Task directions
Restate the full listing word for word and leave the pictures out.

Data provided
------------------------

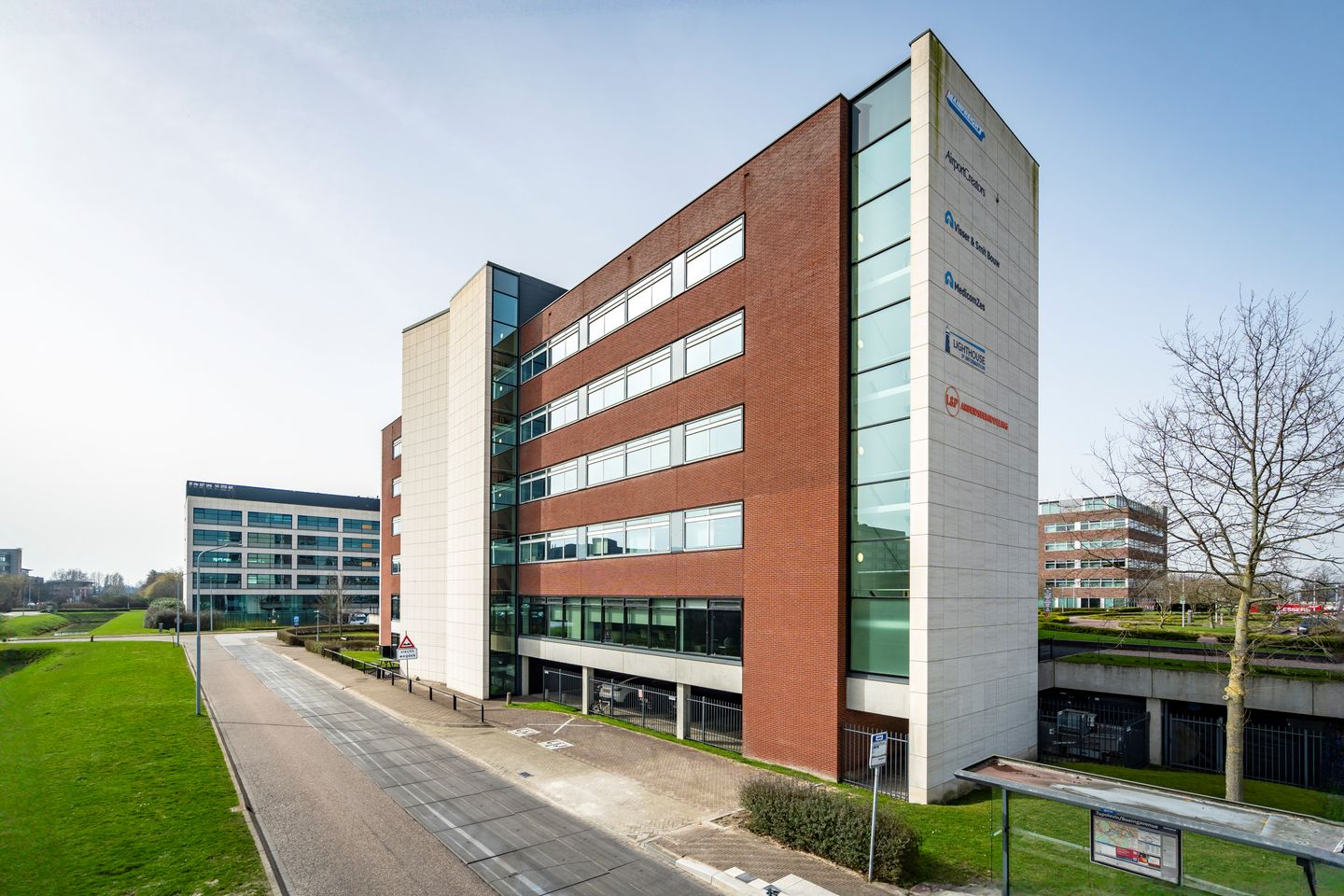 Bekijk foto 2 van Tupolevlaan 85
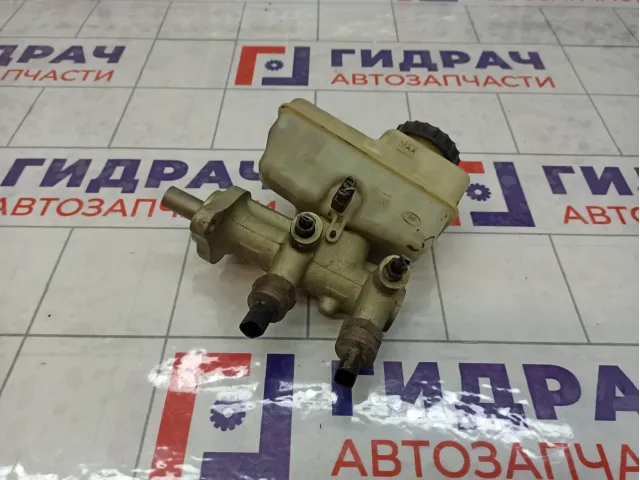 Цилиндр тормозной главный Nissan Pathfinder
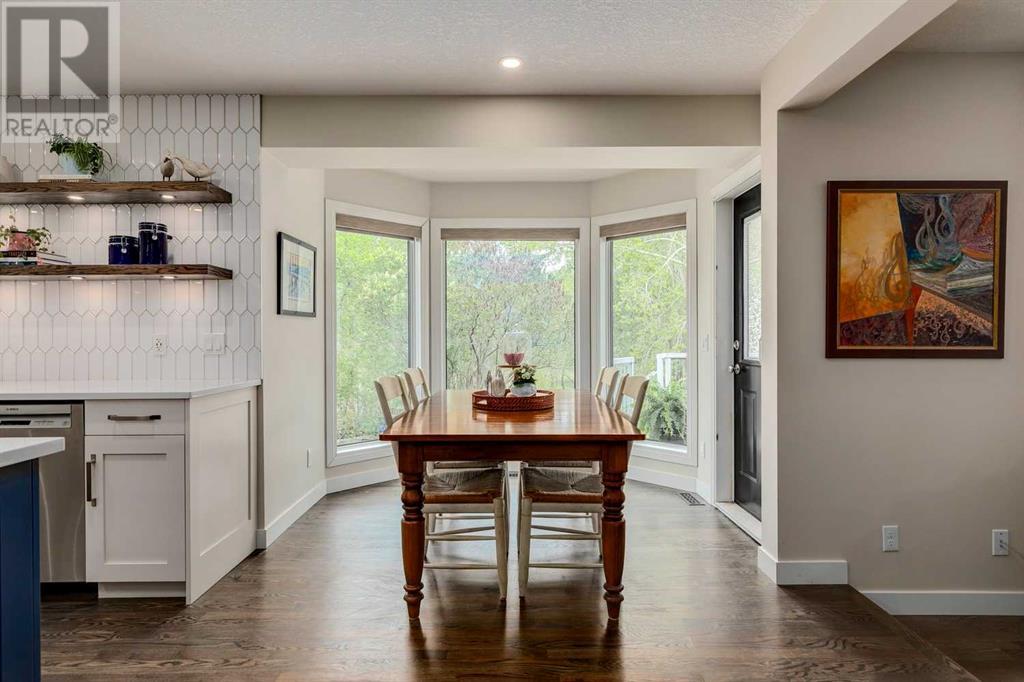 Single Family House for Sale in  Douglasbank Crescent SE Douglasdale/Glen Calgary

------------------------

Answer space
 Bekijk foto 2 van Tupolevlaan 85
 Цилиндр тормозной главный Nissan Pathfinder
 Single Family House for Sale in  Douglasbank Crescent SE Douglasdale/Glen Calgary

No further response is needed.